Le film a tout de même l’intelligence de montrer le journal en tant que réel collectif, en évoquant plusieurs des corps de métier qui y participent, remontant la chaîne d’assemblage du Washington Post. Spielberg rend les autres journalistes ce qu’il faut d’attachant, sans que cela ne nuise au rythme du récit, qui reste tout de même assez vif.

Une réalisation, comme toujours, maîtrisée, mais…

Il y a une chose que personne ne peut retirer à Steven Spielberg, c’est sa maîtrise de la réalisation et à quel point par ce biais il rend ses histoires marquantes. Et Pentagon Papers possède cette même maîtrise. La virtuosité et la fluidité de sa mise en scène ont de quoi faire pâlir n’importe quel jeune réalisateur tant on sent la quasi-instinctivité de ces scènes.

Spielberg a cela « d’agaçant » que tout parait facile et simple dans son cinéma. Il possède à la fois une maîtrise folle du langage cinématographique et un réflexe de quasi-artisan, qui lui permettent de pouvoir sortir deux films dans l’année.  La fluidité des scènes montrent que le papa d’E.T. est loin d’avoir perdu la main, pour ceux qui en doutaient.

Il gère aussi bien les scènes posées, propices aux grands discours, que les scènes où le rythme devient plus frénétique, où l’urgence que l’on peut rencontrer dans un journal se matérialise devant nos yeux. Le film est placé sous le sceau de l’urgence qui, plus que temporelle, est plutôt celle de la défense d’une nation, d’idéaux nobles de protection de la liberté de la presse. Ces moments de frénésie, accompagnés d’une musique qui sait s’emballer au bon moment même si elle reste la plupart du temps plutôt discrète, sont extrêmement bien gérés et offrent des scènes marquantes. Remontant un pan de l’histoire américaine jusqu’au Watergate (auquel le film fait d’ailleurs référence), le film se savoure avec délectation. Accompagné de la photographie surannée qu’offre le chef opérateur Janusz Kaminski, Steven Spielberg offre donc très clairement ce qu’on attend de lui.
Et c’est là que le bât blesse.

…un Spielberg en mode automatique 

L’idée ici n’est pas de nier la qualité du film : il est très bon et maîtrisé.
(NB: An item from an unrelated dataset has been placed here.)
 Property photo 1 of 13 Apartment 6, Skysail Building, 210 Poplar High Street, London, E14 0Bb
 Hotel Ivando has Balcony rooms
Mais le film ne restera clairement pas un film phare dans la carrière du réalisateur. Très ancré dans son temps, il aura sûrement un impact sur le spectateur, mais au regard de sa pléthorique filmographie, dire que celui-ci constituera un film mineur dans celle-ci ne relève pas de l’affront.
Le résultat reste à voir, mais Spielberg semble s’être plus amusé à réaliser Ready Player One que Pentagon Papers, duquel on ne ressent aucune audace particulière, que ce soit dans l’écriture et dans la mise en scène. Spielberg donne ce qu’on attend de lui, mais on sait qu’il peut nous donner mieux.
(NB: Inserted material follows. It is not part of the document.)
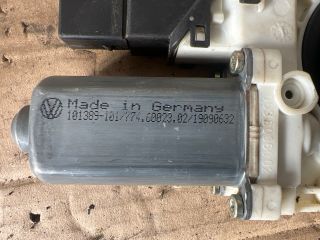 bontott VW GOLF IV Bal hátsó Ablakemelő Motor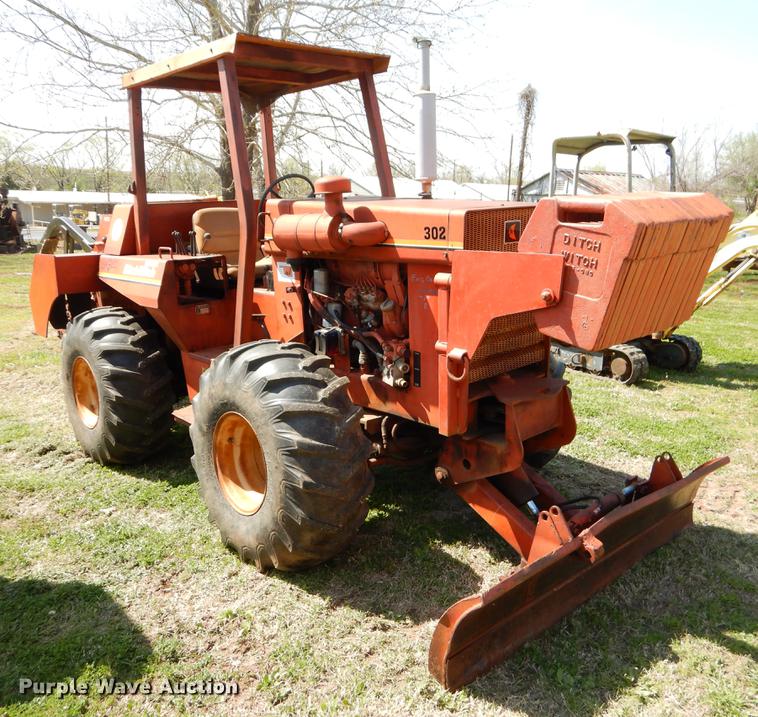 image for item EI9063 Ditch Witch 6510DD trencher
Si cette dernière partie peut sembler acerbe, il me faut précise sa relativité. Ces critiques s’appliquent surtout à Spielberg, dont on sait qu’il est capable de plus d’audace et d’offrir de meilleures œuvres. Mais le travail, la maîtrise de ce film n’a pas à rougir au regard des productions actuelles. Spielberg est un artisan du cinéma, un maître qui sait saisir l’air de son temps, et ce film le prouve.
Pentagon Papers ne restera donc pas dans les mémoires, mais il a le mérite de donner ce qu’on attend d’un réalisateur de la trempe de Spielberg. Pas plus, pas moins. Mais quand on s’appelle Steven Spielberg, on met d’ores et déjà la barre très haute.